İbrahim ZENCİRCİ
Bir baş lazım bize...
.../…
“Bir baş düşünürüm başımda,
Bir mide düşünürüm midemde,
Bir ayak düşünürüm ayağımda,
Ne halt edeceğimi bilemem” … Orhan Veli
Baş olsun da ne başı olursa olsun isterse soğan başı olsun.
Bünyede baş olmayınca, diğer organlar baş olmaya hevesleniyor hemen.
El diyor ki, "Ben onu sever, okşardım, baş olma sırası bende" aşağıdan ayak, "Oğlum dur hele! Önce ben varım, benim baş olmam lazım, az mı taşıdım ben onu" diyor. Gerilerden, "zart, zurt" eden biri "En çok ona ben benziyorum, o da yuvarlak, bende, benim neyim eksik? Bakın ben de onun gibi ses çıkarabiliyorum, başa benim çıkmam icap eder” diyor.

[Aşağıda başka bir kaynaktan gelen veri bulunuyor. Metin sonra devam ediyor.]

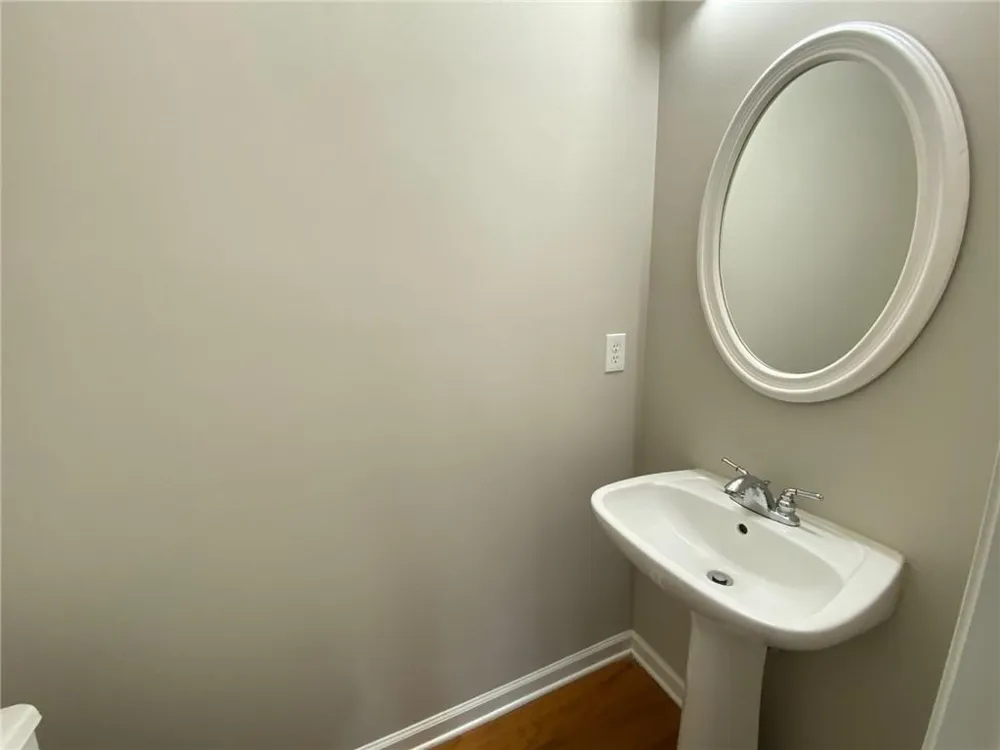 1664 OAKBROOK LAKE DRIVE Norcross, GA 30093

Başlar ayak olmuş, ayaklar da baş.
İşte bu yüzden bize ne yaptıysa başsızlık yaptı, arkadaş…
Başımızda İlbay Paşamız, sarımsak dişi gibi duraydı, hastalanmayaydı, hiç bunlar başımıza gelir miydi?
Bir baş lazım bizim memlekete, biz başsız yapamıyoruz.

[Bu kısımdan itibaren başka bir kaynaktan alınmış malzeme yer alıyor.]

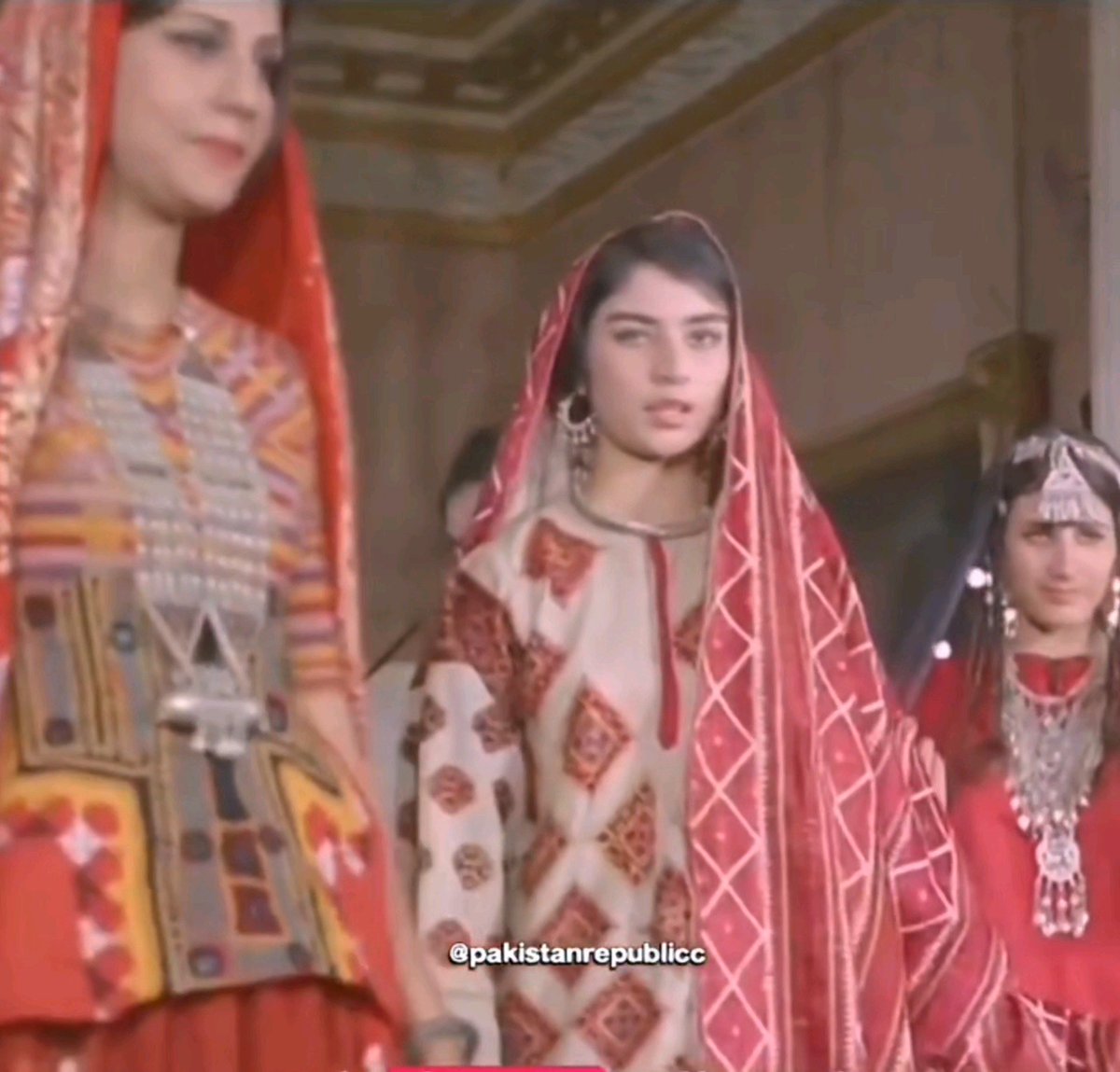 📍Pakistani Fashion🇵🇰 —1967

Kurbanda, etlikte, Demürcüler Arastası'na ütületmeye götürdüğümüz tiftik keçisinin kellesi değil bu…
Asıl görevi milletin aslisine hizmet etmesi gerekirken, iktidar sahibi vekilin işini takip eden kelleden bahsetmiyorum.
İlbay Paşamız bir rahatsızlandı, başsız kaldık. İlbay Paşa olmayınca, ilçebaylar, baş olmaya heveslenmiş. Meşhur Beşdut Soğanı gibi henüz kök salamadığından acemice başlık ediyorlar.

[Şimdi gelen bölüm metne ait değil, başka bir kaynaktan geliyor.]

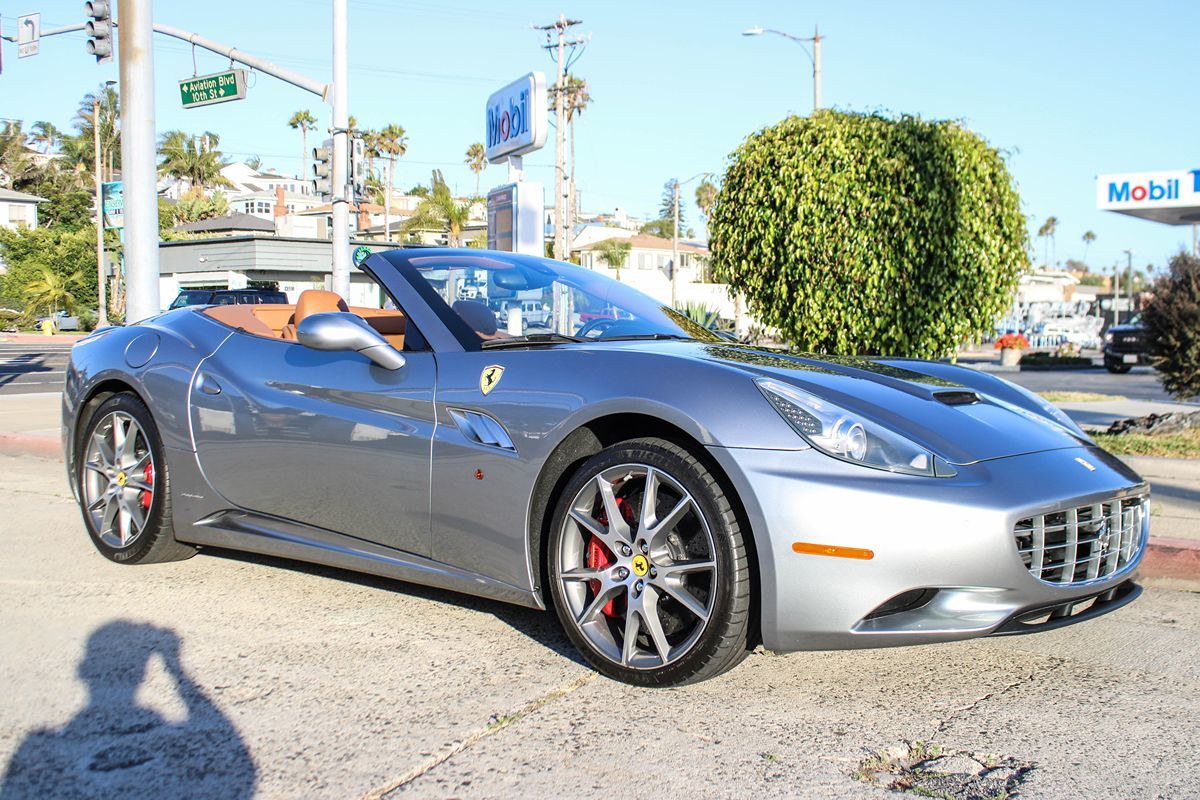 2012 Ferrari California Base - Photo 9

Milletin asiline hizmet edecekken vekil işi takipçiliği yapmaya yeltenmiş. Oysa İlçebay’ın asıl görevi; “ilçesinin genel yönetiminden sorumludur, devleti ilçede temsil eder ve ilçenin en yetkili kamu görevlisidir” der. Yasa, tüzük.
İlçebay'ın görevleri arasında, iş takipçiliği ve de muhtar azarlamak, paylamak var mıdır?
Bizim oralarda geçmez mi, yasa, tüzük?
Ve devam eder yasa, tüzük. İlçebay’ın görevlerinden başında gelen; “Vatandaşın şikâyetini dinlemek, ihtiyaçlarını saptamak ve giderilmesi için gerekli önlemleri almaktır” der.
Der demesine de, bizim memlekete bu minvalde yürümüyor, hökümet işleri.
Sizin memlekette, yasa, tüzük ve dahi hökümet işleri nasıl yürür gardaş?